Des enregistrements diffusés dans un documentaire de BBC News Arabic montrent que les proches conseillers de Ben Ali l’ont avisé de rester à l’écart après sa fuite en Arabie saoudite en 2011
Zine el-Abidine Ben Ali a présidé la Tunisie de 1987 à 2011, date à laquelle il a été évincé (AFP)
Par MEE

Plusieurs coups de fil qui auraient été passés par l’ancien président tunisien Zine el-Abidine Ben Ali et enregistrés secrètement révèlent que ses plus proches conseillers l’ont exhorté à rester loin de la Tunisie après sa fuite en 2011.

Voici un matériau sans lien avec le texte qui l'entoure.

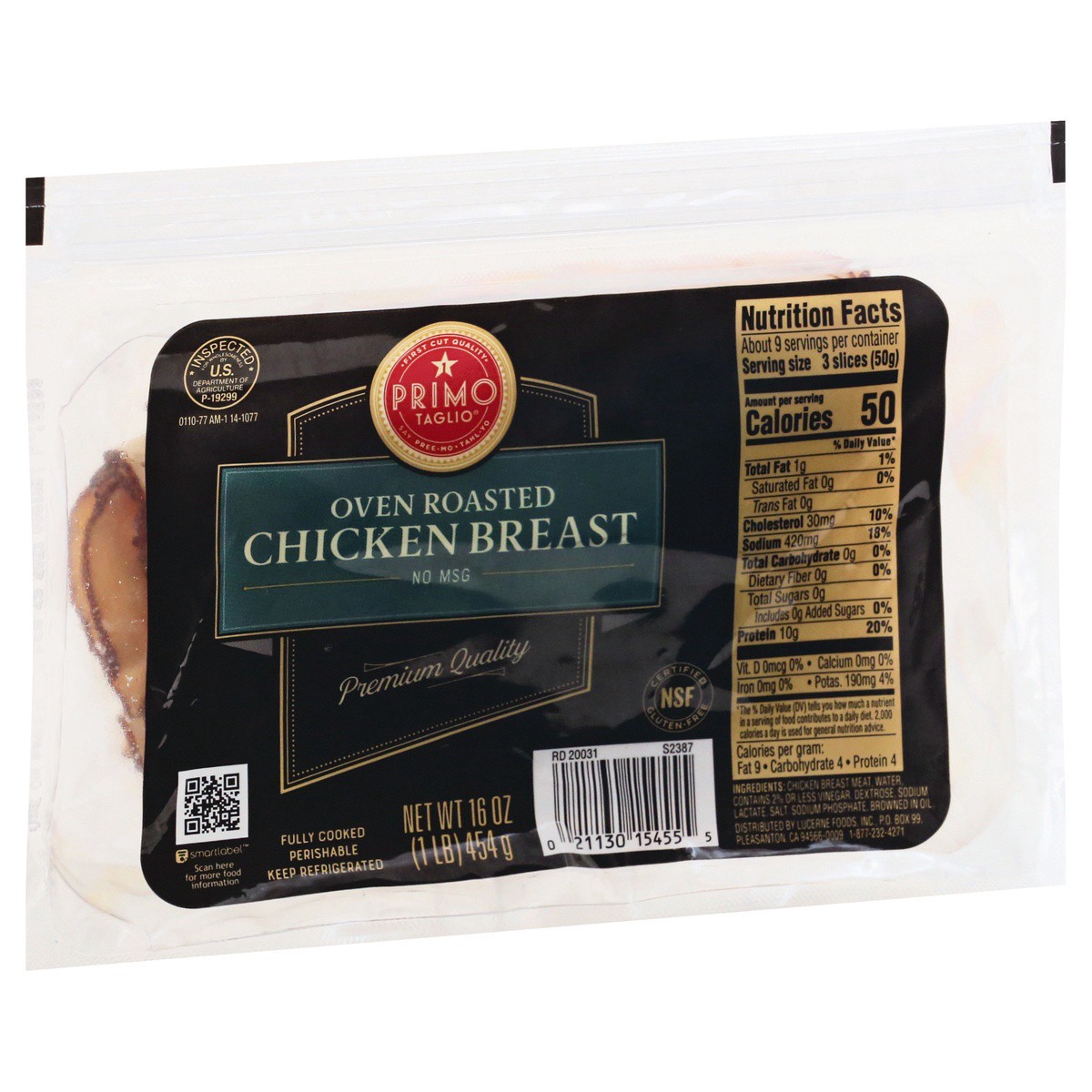 slide 2 of 9, Primo Taglio Oven Roasted Chicken Breast Pillow Pack, 16 oz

Ces enregistrements, diffusés par BBC News Arabic dans son nouveau documentaire The Dictator’s Last Calls, montrent comment l’ancien dirigeant est passé de la confiance en son régime à l’annonce que s’il rentrait au pays, sa sécurité ne saurait être garantie.

Middle East Eye n’a pas été en mesure de vérifier de manière indépendante l’authenticité des enregistrements, qui n’ont pas encore été diffusés.

Le premier enregistrement date du 13 janvier ; il s’agit d’un coup de téléphone entre Ben Ali et un confident identifié comme Tarak Ben Ammar, influent magnat des médias et producteur de film.

Cet appel a été passé après le discours prononcé par le dirigeant tunisien à la télévision, dans lequel il tentait d’apaiser les manifestations de masse contre lui.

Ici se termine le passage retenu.